What are the lines below, starting at the line containing "MAZDA3ファストバック X Lパッケージ" and ending at the line containing "China 60W Metal"? Write them out exactly, ends included, without pictures.

Records shown
= = = = = = =

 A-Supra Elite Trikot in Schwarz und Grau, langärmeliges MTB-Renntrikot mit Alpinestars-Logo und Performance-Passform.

= = = = = = =

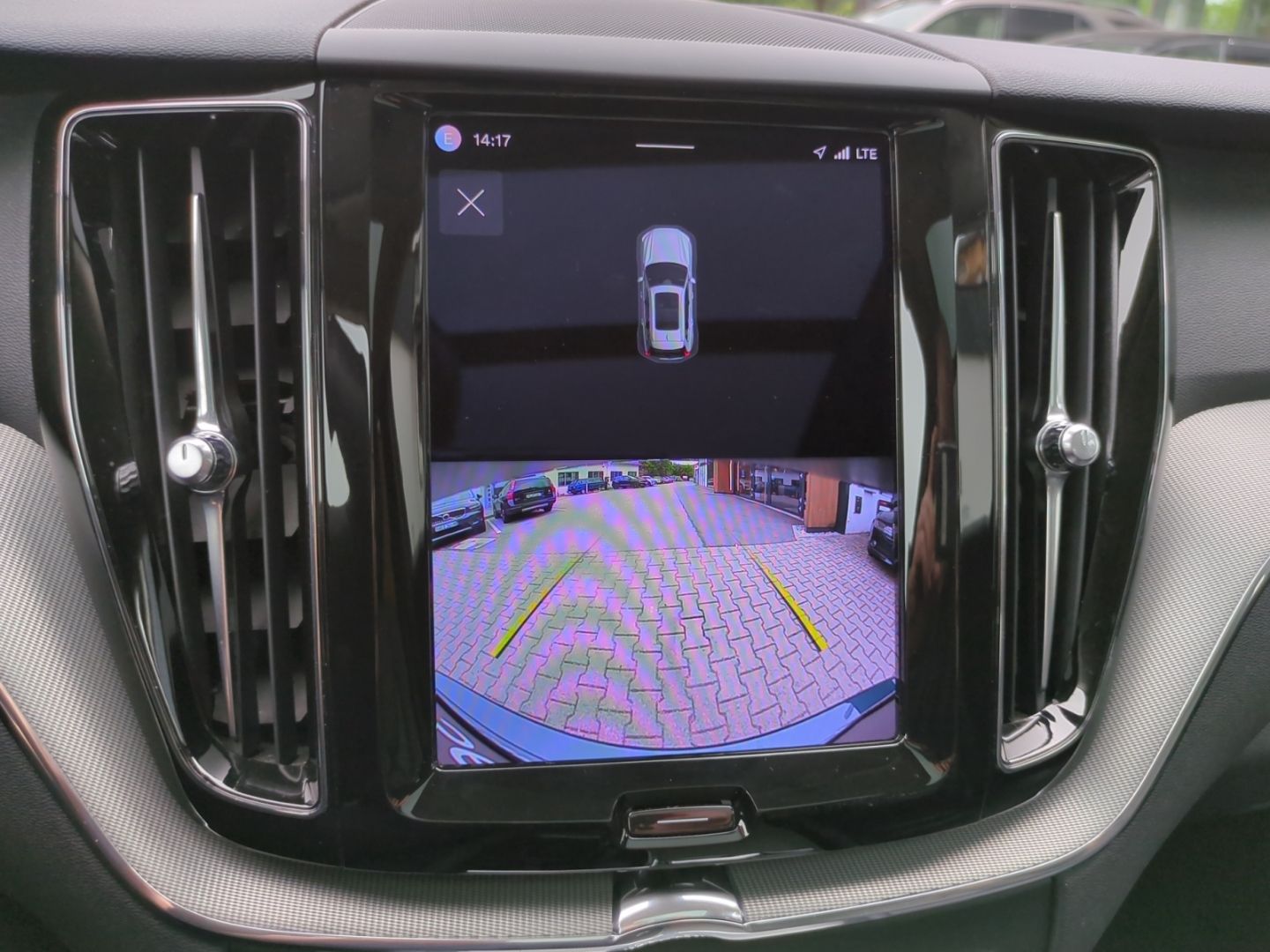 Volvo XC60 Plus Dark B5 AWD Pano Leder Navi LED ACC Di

= = = = = = =

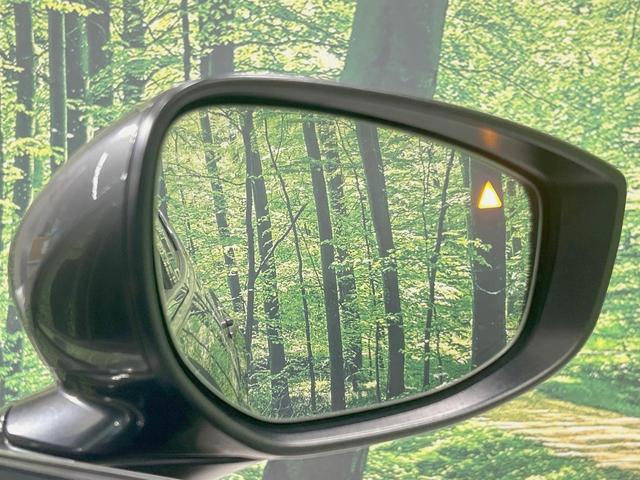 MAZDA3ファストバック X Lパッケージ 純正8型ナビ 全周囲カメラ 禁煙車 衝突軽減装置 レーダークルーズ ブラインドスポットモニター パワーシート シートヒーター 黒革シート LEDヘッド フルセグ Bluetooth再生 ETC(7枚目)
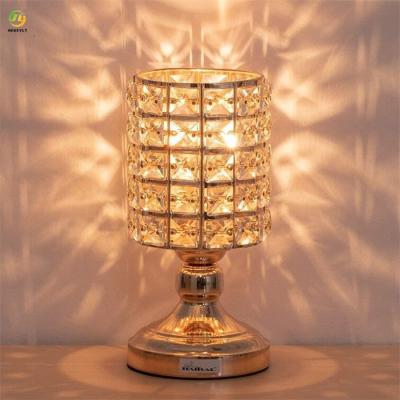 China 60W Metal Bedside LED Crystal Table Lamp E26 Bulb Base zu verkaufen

= = = = = = =

Completed exercise
 MAZDA3ファストバック X Lパッケージ 純正8型ナビ 全周囲カメラ 禁煙車 衝突軽減装置 レーダークルーズ ブラインドスポットモニター パワーシート シートヒーター 黒革シート LEDヘッド フルセグ Bluetooth再生 ETC(7枚目)
 China 60W Metal Bedside LED Crystal Table Lamp E26 Bulb Base zu verkaufen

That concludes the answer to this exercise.